Meta, previously known as only Facebook, laid off more than 11,000 employees this month as the tech sector showed signs of slowing. But it’s still on track to spend billions on virtual reality this year.
The company doesn’t plan on turning off the tap anytime soon. So I strapped on a headset (kindly provided by Meta) to check out what’s been drawing most people to this metaverse — video games.
The Meta Quest 2’s offerings initially exceeded expectations. Years ago, I borrowed a friend’s Quest to dabble with knockout rhythm game, “Beat Saber.” It didn’t disappoint when I revisited it, this time jamming out to a new playlist from Lizzo.
Other experiences didn’t quite land. “Iron Man VR” thrilled me as I soared through the stratosphere, battling robots that attacked Tony Stark’s private jet mid-flight. But while my headset was in the clouds, my feet were on solid ground — and the cognitive dissonance left me paralyzed with motion sickness.
In “SUPERHOT VR,” time only moves when you do, allowing you to dodge bullets and pull off amazing action stunts. (Courtesy of SUPERHOT Team)
After an hour in Iron Man’s metal shoes, I worried that virtual reality may not be for me. But that same night, I fell in love with “SUPERHOT VR.” The game throws you into intense action set-pieces. Faceless, polygonal goons charge you with knives, hammers and guns. It’s up to you to beat them all and proceed to the next minimalist level.
But here’s the catch: In “SUPERHOT,” time only moves when you do. So as a barrage of bullets lurches toward you in slow-motion, you have precious seconds to think about how you’ll deal with each and every threat around you. You might have to throw a dog bowl at the first guy, a hammer at the next, then pick up a pistol that went flying to turn on the third goon.
It’s an experience that works out your brain and even your body, and it got me so immersed that I accidentally punched my TV and tripped over my couch. But injuries aside, it proved to me how unparalleled an experience virtual reality can be.
“WHAT THE BAT?” gives you two baseball bats and funny puzzles to solve in the most absurd ways. (Courtesy of Triband)
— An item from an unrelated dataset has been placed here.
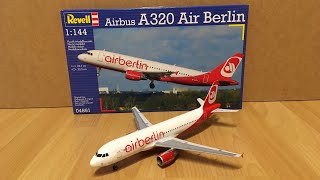 Assembly  Revell 1144 scale Airbus A320 Air Berlin  Zocker J [upl. by Odradlig]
So with my faith in the platform restored (and with my motion sickness, over time, largely quelled), I got to try many other games for the Meta Quest 2. Here are some of my favorites for newcomers:
- “SUPERHOT VR”: By turns tactical and frenetic, the only thing I have against it is the physical space it requires to really get the most from it.
- “WHAT THE BAT?”: From the makers of the excellent comedy game “What the Golf,” each level of “What the Bat” essentially plays out as its own joke. With nothing but baseball bats in both hands, you’ll find ways to brush an elephant’s teeth, fly paper airplanes and generally wreck mayhem.
- “Among Us VR”: While internet connection issues occasionally spoiled this game, it’s a worthy follow-up to the social deduction phenomenon that caught fire in 2020.
- “Beat Saber”: There’s a good reason Meta often offers this game for free with their Quest 2 headset. It’s brilliantly accessible, and it makes you feel like you’re doing cyberwarrior ballet — even if your sick moves look laughable in real life.